Parcours : Amine Metani, DJ au carré

Ingénieur en rééducation neurologique à Lyon, ce Franco-Tunisien de 34 ans est aussi l’un des talents à suivre de la scène électro.

Le compositeur-chercheur planche sur une manière de transformer une pensée en mouvement mécanique. © Vincent Fournier/JA

Le compositeur-chercheur planche sur une manière de transformer une pensée en mouvement mécanique. © Vincent Fournier/JA

Publié le 16 novembre 2017 Lecture : 4 minutes.

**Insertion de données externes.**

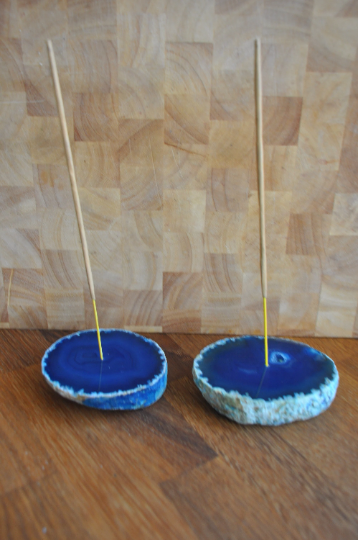 Agate slice incense holder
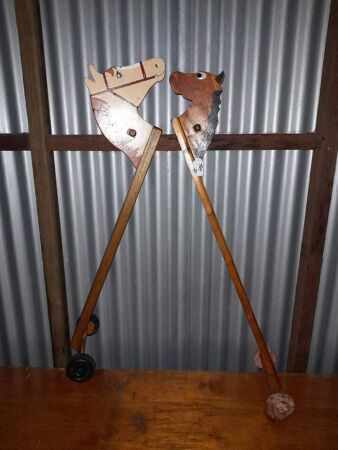 VINTAGE HANDMADE HOBBY HORSE1100 HIGH X 1000 LONG (2 PCS) - CONDITION GOOD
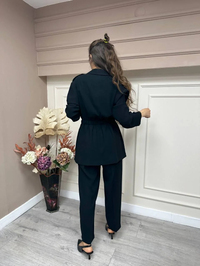 Cloche CL3066 Siyah Cepli Kuşaklı Ceketli Takım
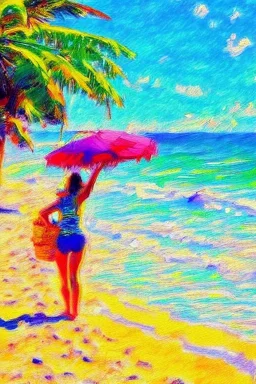 painting, impressionist, wanderlust, bright colors, beach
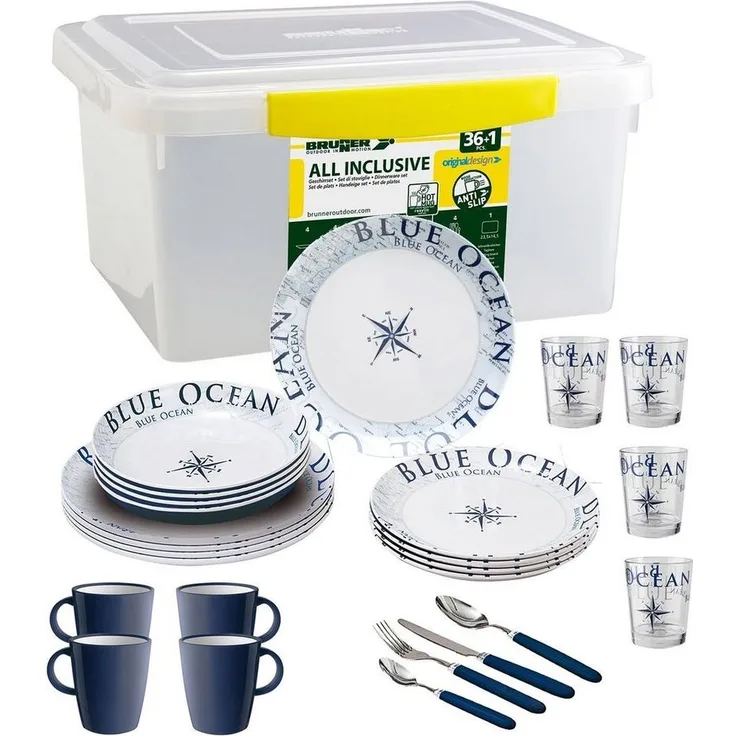 BRUNNER Geschirr-Set BRUNNER Melamin Campinggeschirr Set BLUE OCEAN (8, 12, 16, 36-Teile) (36-tlg)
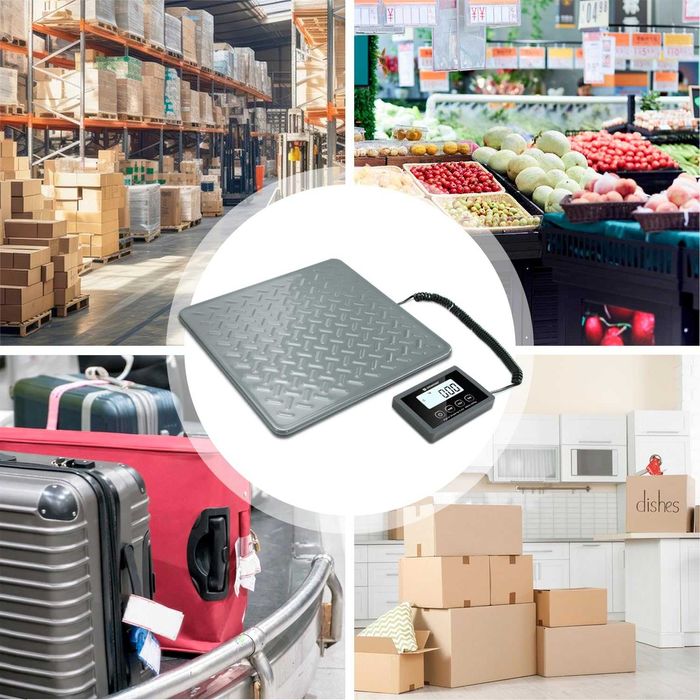 UNIWEIGH 200 кг, Цифрова везна за пощенски пратки, батерии и USB, сива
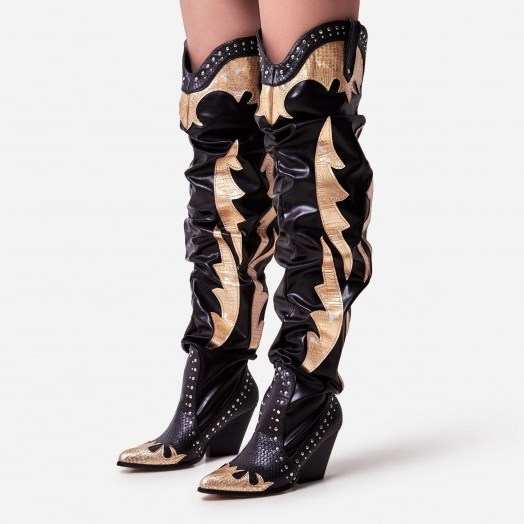 EGO Sunset Studded Detail Reptile Print Western Thigh High Long Boot In Black Faux Leather - flipped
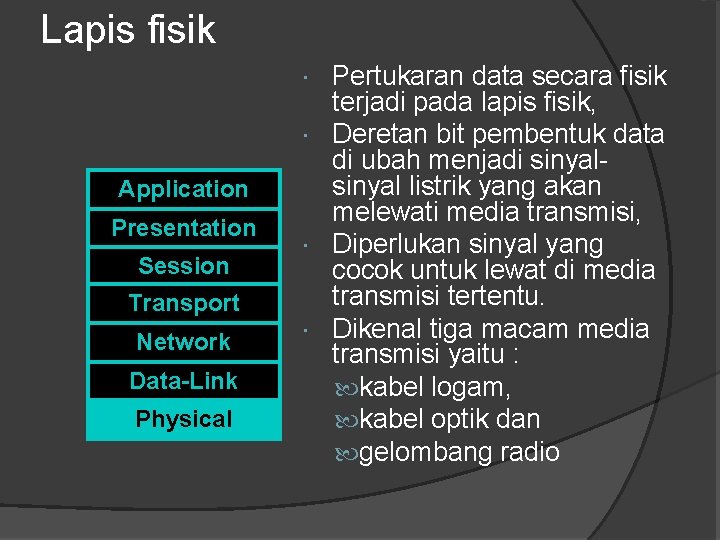 Lapis fisik Pertukaran data secara fisik terjadi pada lapis fisik, Deretan bit pembentuk data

Amine Metani cherche. Quand il n’explore pas les propriétés du cerveau, il sonde les méandres de l’électro. Postdoctorant du laboratoire de physique de l’école normale supérieure (ENS) de Lyon, ce Franco-Tunisien est également musicien, producteur et compositeur. « Je flirte avec le burn-out », concède-t‑il dans un sourire au bout d’un quasi-monologue passionné de vingt minutes, à la table d’un bar parisien.

Deux passions

Mais entre ses deux « métiers passions », il refuse de choisir. « J’alterne entre des phases au labo et d’autres où je pars jouer et composer. Car dans les deux domaines, je dois en permanence être créatif », explique ce talent double, relevant sa longue chevelure noire pour dévoiler une tempe soigneusement rasée. Venu spécialement à Paris pour un concert, cet hyperactif s’attrape au vol, entre deux trains. Entre deux projets.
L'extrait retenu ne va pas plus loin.